Our MLP class below inherits the Block class. While we rely on some predefined methods in the parent class, we need to supply our own __init__ and forward functions to uniquely define the behavior of our model.

from mxnet.gluon import nn

class MLP(nn.Block):
    # Declare a layer with model parameters. Here, we declare two fully
    # connected layers
    def __init__(self, **kwargs):
        # Call the constructor of the MLP parent class Block to perform the
        # necessary initialization. In this way, other function parameters can
        # also be specified when constructing an instance, such as the model
        # parameter, params, described in the following sections
        super(MLP, self).__init__(**kwargs)
        self.hidden = nn.Dense(256, activation='relu')  # Hidden layer
        self.output = nn.Dense(10)  # Output layer

    # Define the forward computation of the model, that is, how to return the
    # required model output based on the input x
    def forward(self, x):
        return self.output(self.hidden(x))

This code may be easiest to understand by working backwards from forward. Note that the forward method takes as input x. The forward method first evaluates self.hidden(x) to produce the hidden representation, passing this output as the input to the output layer self.output( ... ).

The constituent layers of each MLP must be instance-level variables.

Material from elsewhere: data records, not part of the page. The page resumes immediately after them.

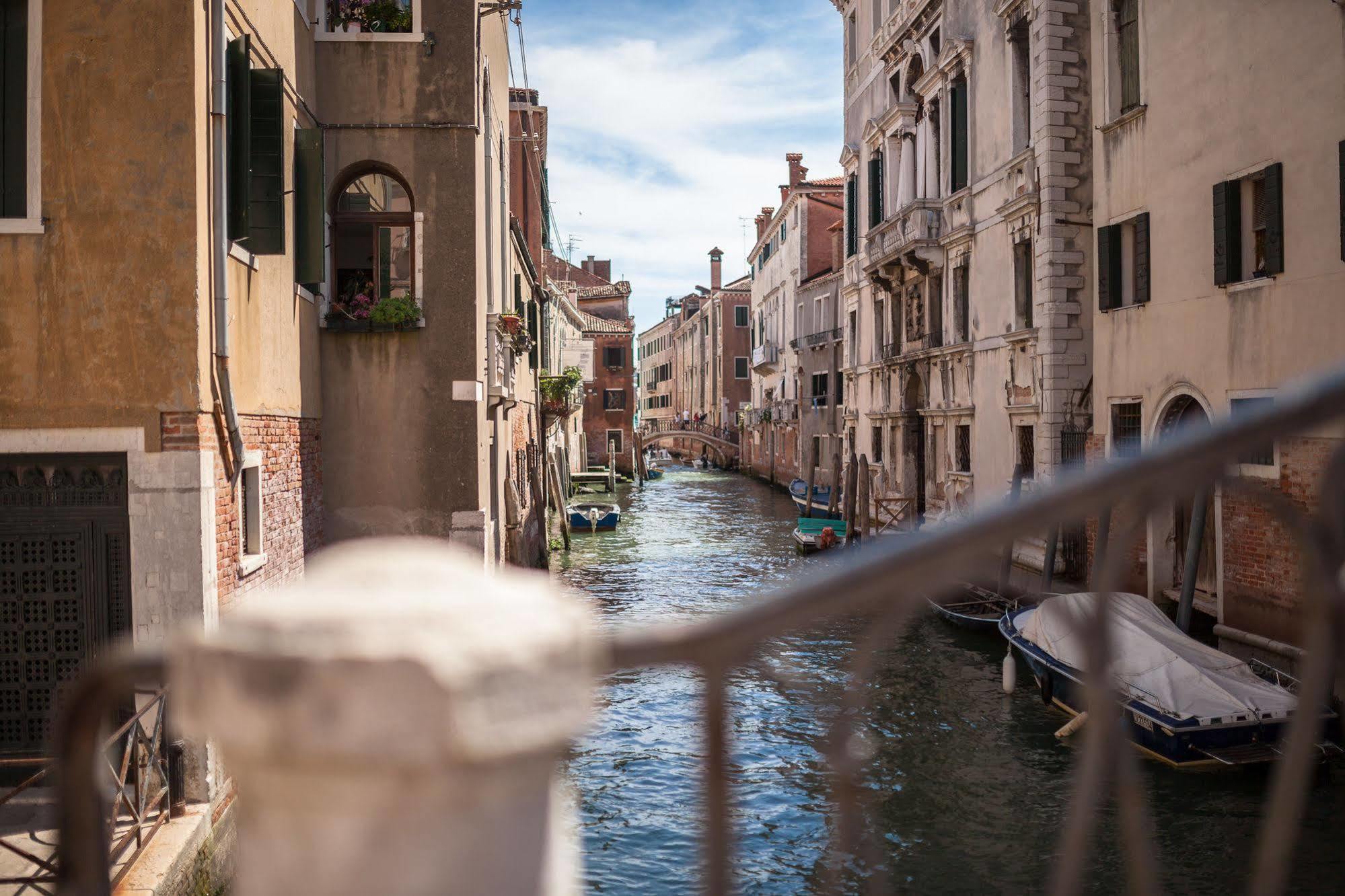 Liassidi Wellness Suites Veneza Exterior foto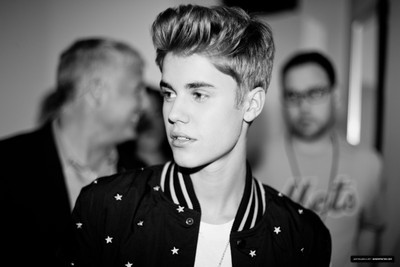 

Music Justin Bieber Singers Canada HD Wallpaper Background Fine Art Print(12 inch X 18 inch, Rolled)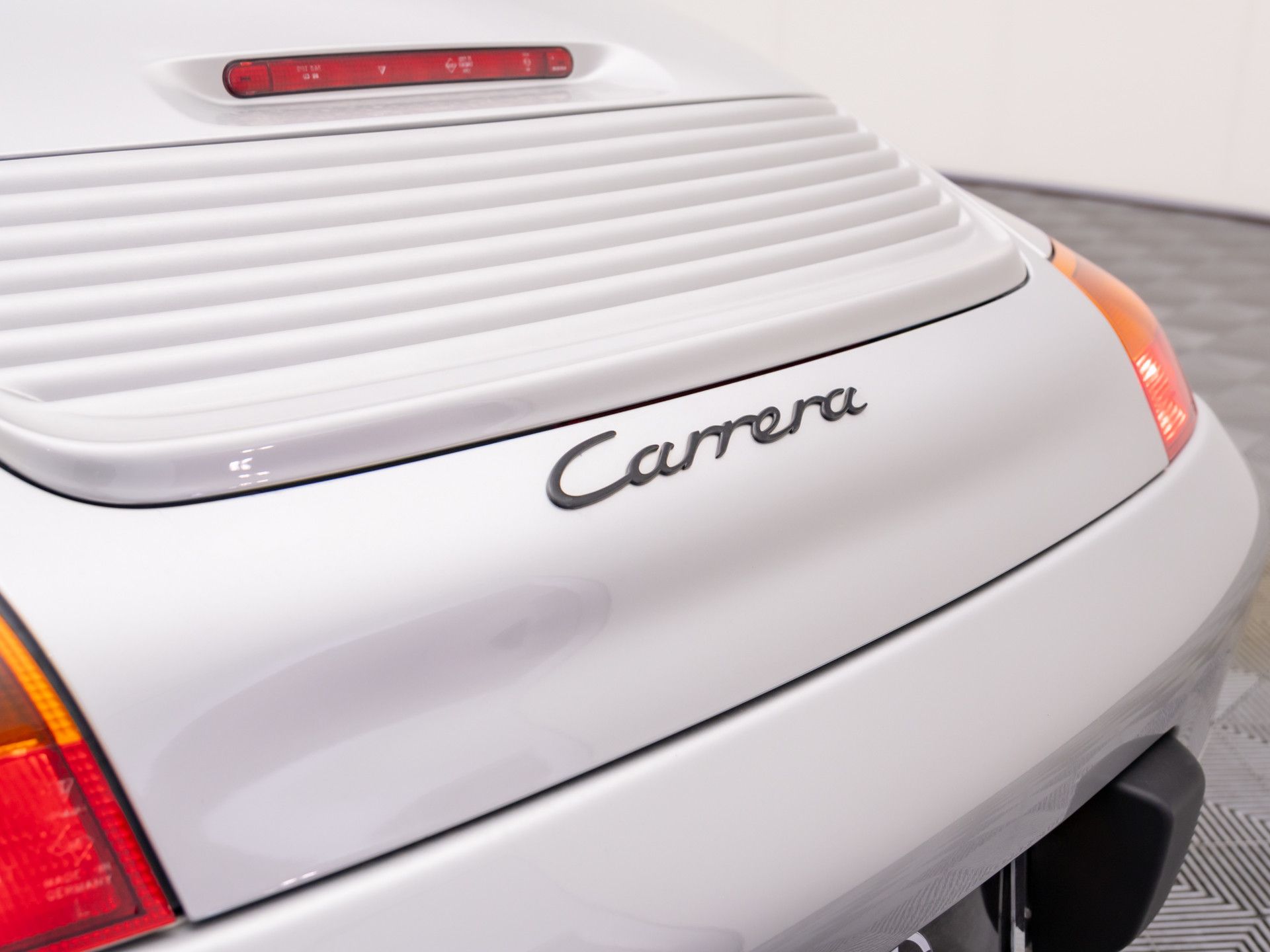 1999 Porsche 911 Carrera 4 photo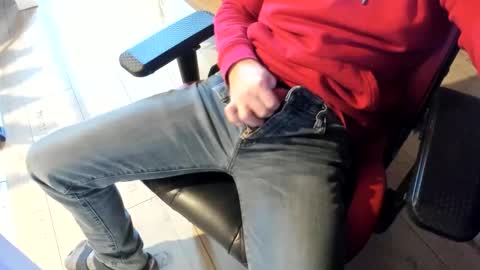 Snapshot of snip1977 chatting on 12-29-24, 11:50 snip1977 online show from 12-29-24, 11:50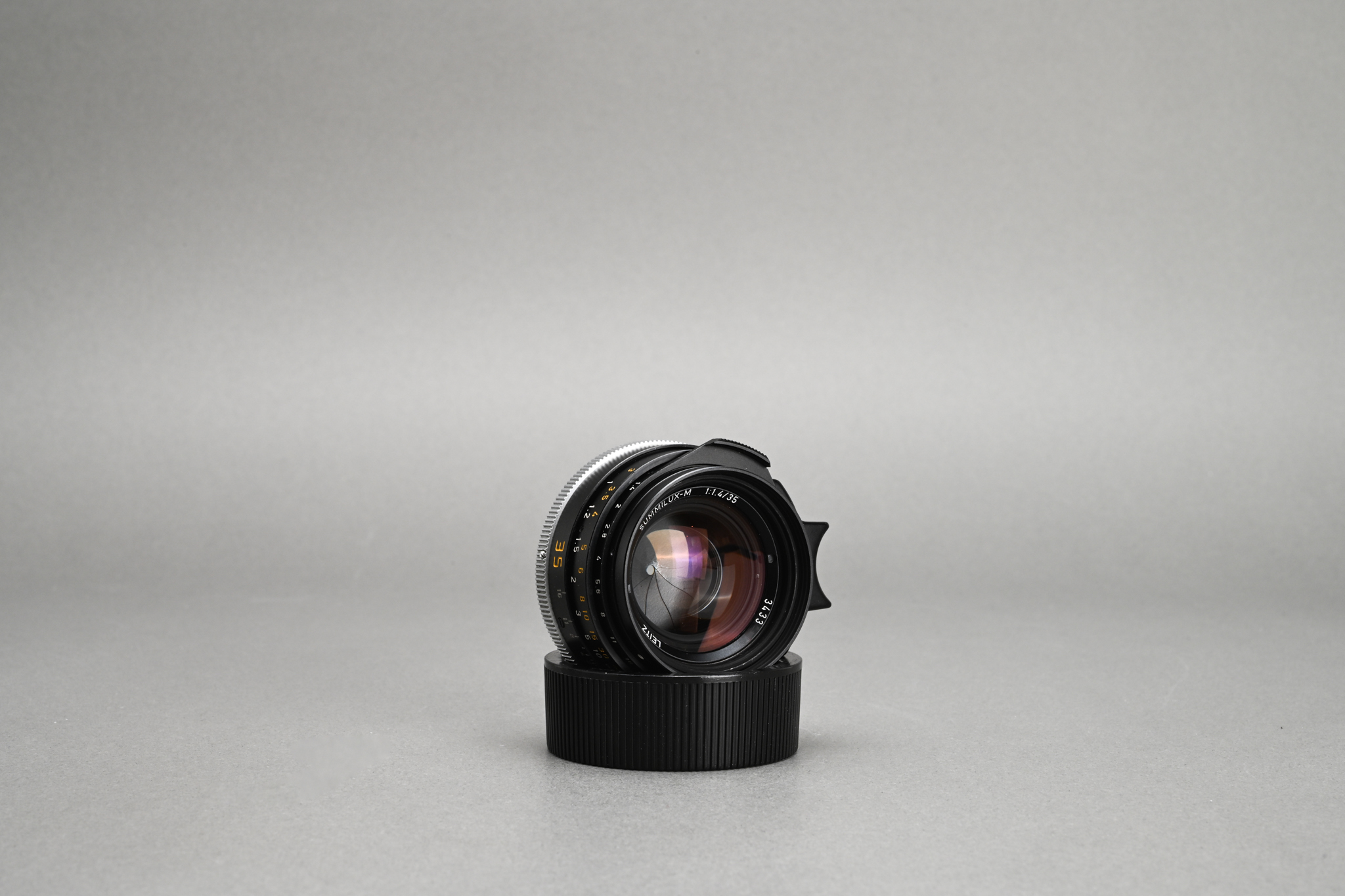 Picture of Leica Summilux-M 35mm f/1.4 Ver.2 Black Germany
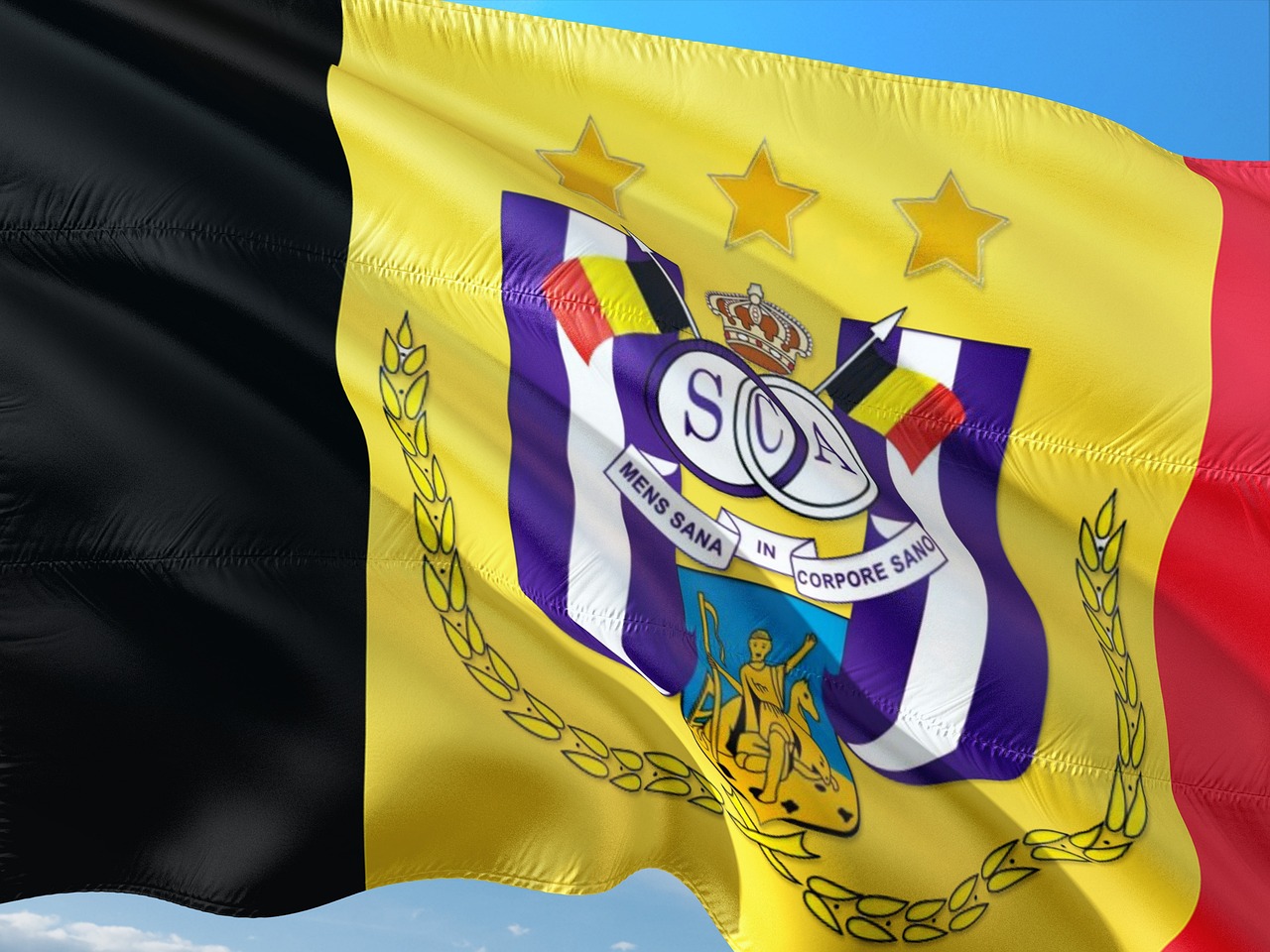 Grafické znázornění VPN připojení s mapou a servery kolem světa.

After all, if we instantiated two such models net1 and net2 and trained them on different data, we would expect them to them to represent two different learned models.

The __init__ method is the most natural place to instantiate the layers that we subsequently invoke on each call to the forward method. Note that before getting on with the interesting parts, our customized __init__ method must invoke the parent class’s init method: super(MLP, self).__init__(**kwargs) to save us from reimplementing boilerplate code applicable to most Blocks. Then, all that is left is to instantiate our two Dense layers, assigning them to self.hidden and self.output, respectively. Again note that when dealing with standard functionality like this, we do not have to worry about backpropagation, since the backward method is generated for us automatically. The same goes for the initialize method. Let’s try this out:

net = MLP()
array([[-0.03989594, -0.1041471 ,  0.06799038,  0.05245074,  0.02526059,
        -0.00640342,  0.04182098, -0.01665319, -0.02067346, -0.07863817],
       [-0.03612847, -0.07210436,  0.09159479,  0.07890771,  0.02494172,
        -0.01028665,  0.01732428, -0.02843242,  0.03772651, -0.06671704]])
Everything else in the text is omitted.